In a recent study under review at the Nature Portfolio journal and currently posted to Research Square* preprint server, researchers evaluated the efficacy of maternal coronavirus disease 2019 (COVID-19) vaccination against infection of infants with severe acute respiratory syndrome coronavirus 2 (SARS-CoV-2).
The United States (US) has recorded more than 15 million pediatric COVID-19 cases until September 2022, and pediatric patients account for about 18% of US COVID-19 cases. Notably, during the Omicron wave, children younger than six months accounted for 44% of the overall COVID-19-associated hospitalizations among those under four.
SARS-CoV-2 vaccines have been effective, particularly against the Delta variant. However, they were less effective against SARS-CoV-2 Omicron. Since infants younger than six months are ineligible for COVID-19 vaccination, they are reliant on the immunity acquired placentally from their mothers.
Nevertheless, vaccination during pregnancy is thought to protect infants against SARS-CoV-2. In addition, recent studies reported that maternal vaccination was linked to a lower risk of infection and hospitalization in infants in their first four and five months.
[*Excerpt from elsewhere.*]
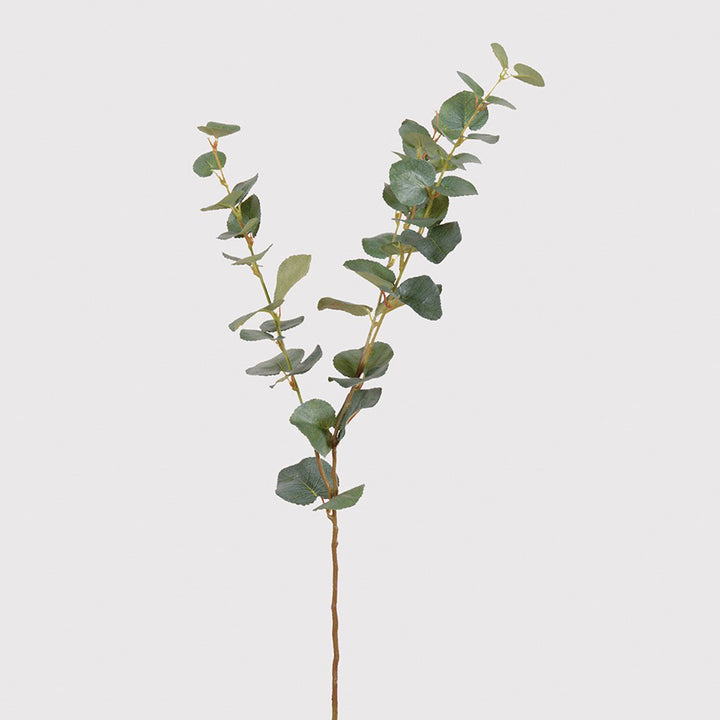 Eucalyptus Stem -  Pack of 12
Study: Maternal SARS-CoV-2 Vaccination and Infant Protection Against SARS-CoV-2 During the First 6 Months of Life. Image Credit: Marina Demidiuk / Shutterstock
About the study
In the present study, researchers assessed the effectiveness of COVID-19 mRNA vaccination during pregnancy against infection of infants with SARS-CoV-2. The study was conducted on infants born from December 15, 2020, to May 31, 2022, at Kaiser Permanente Northern California (KPNC), an integrated healthcare delivery organization providing comprehensive access to healthcare to members.
Infants were excluded if they did not become KPNC members within two months of birth or were born to mothers who 1) did not have primary KPNC facility assignment, 2) were not 16-50 years old, 3) tested SARS-CoV-2-positive before pregnancy, 4) had anti-SARS-CoV-2 antibodies before pregnancy, 5) were vaccinated before pregnancy, 6) received vaccines other than mRNA vaccines, and 7) were not continuous members of KPNC.
The study’s outcomes were the first positive SARS-CoV-2 polymerase chain reaction (PCR) test result and hospitalization of infants within six months of life. In addition, electronic health records (EHRs) of mothers were accessed to obtain information on covariates such as age, race/ethnicity, the primary KPNC facility, neighborhood deprivation index (NDI), insurance payor, pre-pregnancy body mass index (BMI), diabetes status, hypertension, and parity.
The authors used Cox proportional hazards to compute the hazard ratio of SARS-CoV-2 infection between infants born to vaccinated and non-vaccinated mothers. Infants were followed up from birth to their first positive test. Additionally, secondary analyses, implemented as a test-negative design, were conducted by restricting the population to infants tested for SARS-CoV-2 at least once.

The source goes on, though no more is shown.